In 1896, he was made head of the fur seal commission (or a "member of the fur seal protection zone council" (Note: Ottosei hogo-ku hyōgikai iin (オットセイ保護区評議会委員)))) and sent as the Japanese delegate to the International Fur Seal Conference of 1897 held in the United States, alongside Shirō Fujita who had been given the proxy title of acting Fisheries Bureau chief and although they were charged with signing on behalf of Japan, a treaty with the United States and Great Britain, a formal accord treaty could not be concluded. While in the U.S. in 1897, he was invited by the Lowell Institute in Boston and gave lectures on "Social life in Japan", translated into French in 1922 as "La vie sociale au Japon".

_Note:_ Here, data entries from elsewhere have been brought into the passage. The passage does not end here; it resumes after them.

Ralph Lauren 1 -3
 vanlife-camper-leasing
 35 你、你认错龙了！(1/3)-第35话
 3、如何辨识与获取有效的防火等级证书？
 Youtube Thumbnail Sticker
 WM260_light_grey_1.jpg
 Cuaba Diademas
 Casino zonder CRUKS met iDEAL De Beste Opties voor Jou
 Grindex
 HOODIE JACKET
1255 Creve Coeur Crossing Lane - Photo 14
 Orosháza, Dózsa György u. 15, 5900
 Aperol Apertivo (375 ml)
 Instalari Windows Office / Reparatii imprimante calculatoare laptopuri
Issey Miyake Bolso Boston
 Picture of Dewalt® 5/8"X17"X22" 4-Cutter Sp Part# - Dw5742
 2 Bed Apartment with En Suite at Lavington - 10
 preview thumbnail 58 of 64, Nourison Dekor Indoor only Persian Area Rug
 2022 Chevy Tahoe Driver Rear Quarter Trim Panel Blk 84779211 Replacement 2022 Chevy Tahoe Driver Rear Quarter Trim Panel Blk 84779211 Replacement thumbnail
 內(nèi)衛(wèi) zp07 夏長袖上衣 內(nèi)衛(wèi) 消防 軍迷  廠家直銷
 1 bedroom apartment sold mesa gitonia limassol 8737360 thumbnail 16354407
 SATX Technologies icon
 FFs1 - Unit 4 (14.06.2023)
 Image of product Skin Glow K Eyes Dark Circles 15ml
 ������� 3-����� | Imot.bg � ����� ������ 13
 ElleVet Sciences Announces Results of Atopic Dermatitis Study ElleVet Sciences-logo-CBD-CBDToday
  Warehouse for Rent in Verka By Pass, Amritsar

In 1901 he became dean of the College of Science of Tokyo University, and in 1907 he was decorated with the Order of the Sacred Treasure (2nd Class, in 1906) in recognition of public service. In later life his time was largely occupied with administrative duties. He was regarded not only as one of the leading zoologists of Japan, but also as very influential in public life. His most important zoological publications, a series of papers on the embryology of the turtles, appeared at intervals from 1886 to 1896. Mitsukuri also brought the "holotype" goblin shark to the California Academy of Sciences where the genus was named after himself and Asian wildlife collector Alan Owston, with the scientific name Mitsukurina owstonii.

==Works==
- Mitsukuri, Kakichi (1906). "Congress of arts and science: Universal exposition, St. Louis, 1904"

==Taxa described by him==
- See :Category:Taxa named by Kakichi Mitsukuri

== Taxa named in his honor ==
- Mitsukurina is a genus of mackerel shark in the family Mitsukurinidae. It contains one extant species, the goblin shark (M. owstoni) and more extinct species. The genus was described by American ichthyologist David Starr Jordan in 1898 and named in his honor.